【リオデジャネイロ9日=又吉俊充】2000年のシドニー五輪女子重量挙げに出場し7位入賞した平良(旧姓仲嘉)真理さん(40)=沖縄工業高校教諭=が、リオデジャネイロ五輪日本代表コーチとしてチームに帯同している。三宅宏実選手(30)ら女子選手のサポートに加え、男子62キロ級に出場した糸数陽一選手(25)=警視庁=のセコンドにも付き、4位入賞を支え「縁の下の力持ち」になっている。

教え子の糸数陽一選手(左)の健闘をたたえる平良真理コーチ=9日午後、リオデジャネイロ(又吉俊充撮影)

 糸数選手が出場した8日の試合。中国の有力選手が思うように力が入らず、途中棄権するシーンがあった。平良さんは「減量で水分を抜いた際、塩分も抜けたため、脚がつったのでは」とみる。

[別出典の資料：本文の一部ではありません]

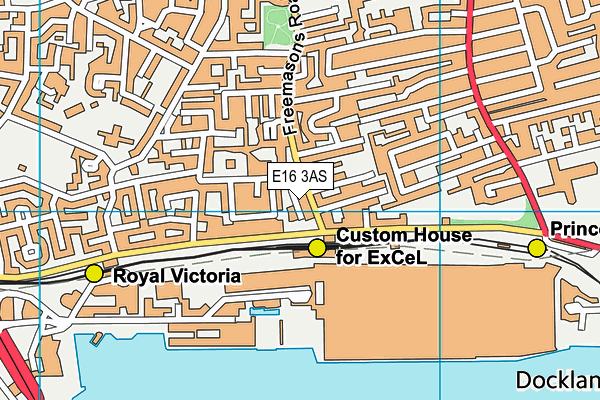 E16 3AS map - OS VectorMap District (Ordnance Survey)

 日本男子のエース・糸数選手も同様に腕や太ももをつることがあった。そんな糸数選手のために平良さんが沖縄から持参してきた乾燥梅干し「スッパイマン」。減量の最終段階で、唾液を出しつつ塩分を取るのが狙い。時期が早すぎても良くない最後の手段、と前置きし「私も梅干しを食べて減量に役立てていた。沖縄パワーですね」と笑う。

 教え子の糸数選手も「先生にセコンドに付いてもらって心強かった。楽しんで、思い通りの試合でいいよ、と言われて自分らしいパフォーマンスができた」と感謝する。

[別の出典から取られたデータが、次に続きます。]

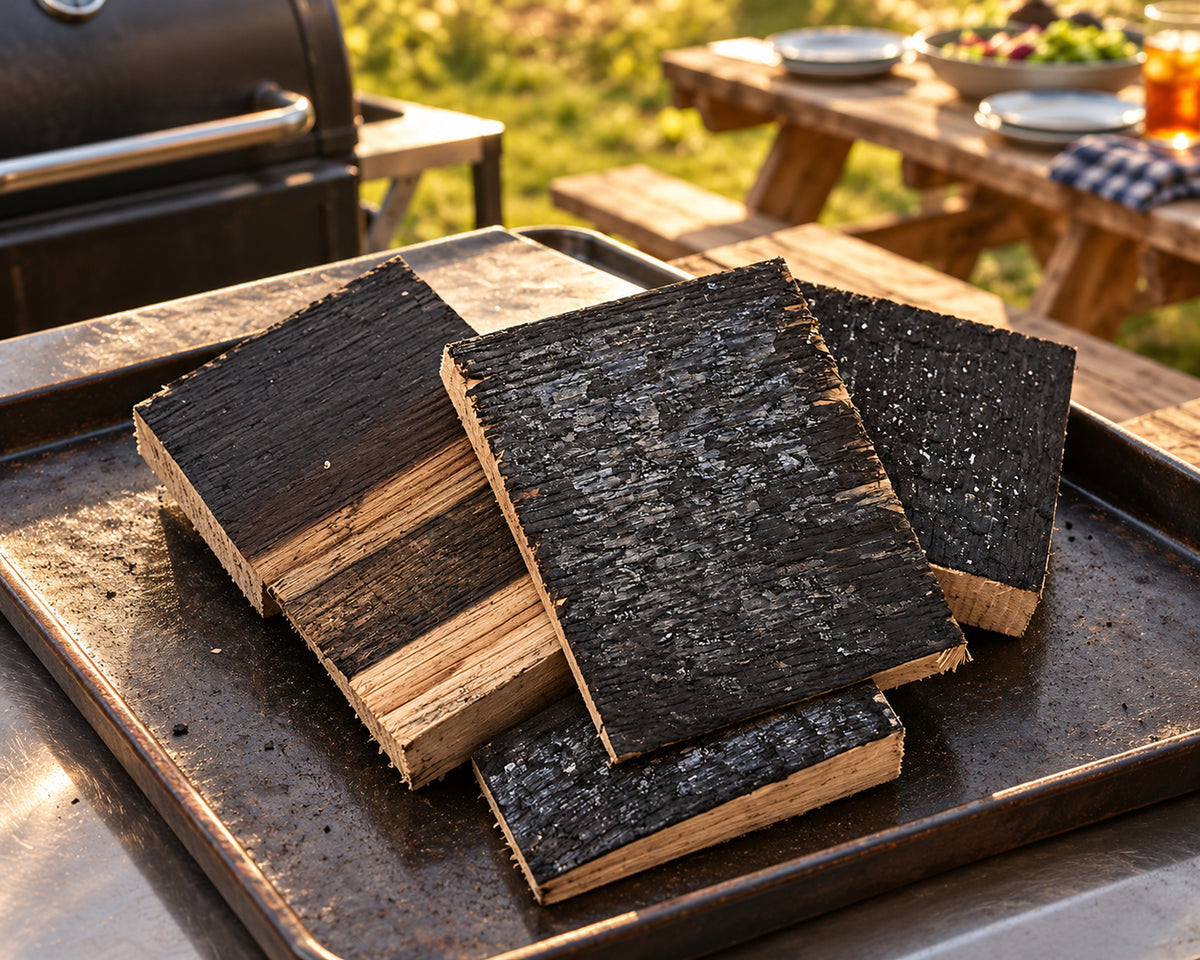 Oak barrel smoking chunks on a dark metal tray at an outdoor barbecue station.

 女子選手も平良コーチを慕う。2大会連続でメダルを手にした三宅選手は、指導者で父、1968年メキシコ五輪銅メダリストの義行さん(70)と衝突し“家出”した2009年、平良さんを頼ったこともある。リオではコーチとして三宅選手を支えた平良さんは「減量と戦い、腰痛もありながら、精神力でメダルを取ることができた。本当に信じられない」と精神面での成長を感じたという。

 10日にリオを離れ、帰国の途につく平良さんは「県内でもジュニアの子たちが頑張っている。リオでの経験を沖縄、全日本での指導につなげたい」と意欲を語った。